Support community services
We intend to allocate 25% of the Foundation Fund towards the community. This allocation will be held and disbursed in the form of siacoins, and will pay for grants, bounties, hackathons, and other community-driven endeavours. Any community-run service, such as a Skynet portal, explorer or web wallet, may apply to have its costs covered by the Foundation. Upon approval, the Foundation will reimburse expenses incurred by the service, subject to the exact terms agreed to. The intent of these grants is not to provide a source of income, but rather to make such services "break even" for their operators, so that members of the community can enrich the Sia ecosystem without worrying about the impact on their own finances.

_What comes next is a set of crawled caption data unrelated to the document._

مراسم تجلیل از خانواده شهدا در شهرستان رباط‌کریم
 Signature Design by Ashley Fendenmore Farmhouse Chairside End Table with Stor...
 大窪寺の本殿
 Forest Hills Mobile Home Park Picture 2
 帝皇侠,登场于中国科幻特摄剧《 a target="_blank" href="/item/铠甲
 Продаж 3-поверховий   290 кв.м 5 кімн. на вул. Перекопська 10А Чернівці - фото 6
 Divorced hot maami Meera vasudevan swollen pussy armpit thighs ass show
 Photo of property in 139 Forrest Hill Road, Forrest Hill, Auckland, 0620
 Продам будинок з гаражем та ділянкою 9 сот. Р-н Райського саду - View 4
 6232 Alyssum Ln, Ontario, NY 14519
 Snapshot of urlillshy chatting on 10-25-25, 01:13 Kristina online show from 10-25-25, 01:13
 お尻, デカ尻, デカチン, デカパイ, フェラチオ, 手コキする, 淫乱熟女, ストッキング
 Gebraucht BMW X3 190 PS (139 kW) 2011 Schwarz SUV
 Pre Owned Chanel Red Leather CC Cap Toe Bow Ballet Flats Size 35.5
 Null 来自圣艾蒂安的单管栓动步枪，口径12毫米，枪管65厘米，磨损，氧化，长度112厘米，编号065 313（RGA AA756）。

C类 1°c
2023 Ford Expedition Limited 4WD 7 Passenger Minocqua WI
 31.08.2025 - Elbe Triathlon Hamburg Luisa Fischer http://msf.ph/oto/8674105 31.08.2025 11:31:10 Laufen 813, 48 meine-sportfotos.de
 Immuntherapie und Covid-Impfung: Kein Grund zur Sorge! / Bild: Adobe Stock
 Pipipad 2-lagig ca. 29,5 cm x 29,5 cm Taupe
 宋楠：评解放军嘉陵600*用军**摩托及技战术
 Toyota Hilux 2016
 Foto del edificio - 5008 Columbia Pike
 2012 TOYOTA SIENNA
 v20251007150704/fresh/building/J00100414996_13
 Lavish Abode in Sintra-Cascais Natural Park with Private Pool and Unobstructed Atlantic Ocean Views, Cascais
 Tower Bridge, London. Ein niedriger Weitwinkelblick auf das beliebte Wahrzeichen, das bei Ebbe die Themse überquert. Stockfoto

Ensure easy acquisition and storage of siacoins
Most users will acquire their siacoins via an exchange. The Foundation will provide support to Sia-compatible exchanges, and pursue relevant integrations at its discretion, such as Coinbase's new Rosetta standard. The Foundation may also release DEX software that enables trading cryptocurrencies without the need for a third party. (The Foundation itself will never operate as a money transmitter.) Increasingly, users are storing their cryptocurrency on hardware wallets. The Foundation will maintain the existing Ledger Nano S integration, and pursue further integrations at its discretion. Of course, all hardware wallets must be paired with software running on a computer or smartphone, so the Foundation will also develop and/or maintain client-side wallet software, including both full-node wallets and "lite" wallets. Community-operated wallet services, i.e. web wallets, may be funded via grants. Like core software maintenance, this responsibility will be funded in the form of developer salaries and contracting agreements.
Protect the ecosystem
When it comes to cryptocurrency security, patching software vulnerabilities is table stakes; there are significant legal and social threats that we must be mindful of as well. As such, the Foundation will earmark a portion of its fund to defend the community from legal action. The Foundation will also safeguard the network from 51% attacks and other threats to network security by implementing softforks and/or hardforks where necessary. The Foundation also intends to assist in the development of a new FOSS software license, and to solicit legal memos on various Sia-related matters, such as hosting in the United States and the EU. In a broader sense, the establishment of the Foundation makes the ecosystem more robust by transferring core development to a more neutral entity. Thanks to its funding structure, the Foundation will be immune to various forms of pressure that for-profit companies are susceptible to.
Drive adoption of Sia
Although the overriding goal of the Foundation is to make Sia the best platform it can be, all that work will be in vain if no one uses the platform. There are a number of ways the Foundation can promote Sia and get it into the hands of potential users and developers. In-person conferences are understandably far less popular now, but the Foundation can sponsor and/or participate in virtual conferences. (In-person conferences may be held in the future, permitting circumstances.) Similarly, the Foundation will provide prizes for hackathons, which may be organized by community members, Nebulous, or the Foundation itself. Lastly, partnerships with other companies in the cryptocurrency space—or the cloud storage space—are a great way to increase awareness of Sia. To handle these responsibilities, one of the early priorities of the Foundation will be to hire a marketing director.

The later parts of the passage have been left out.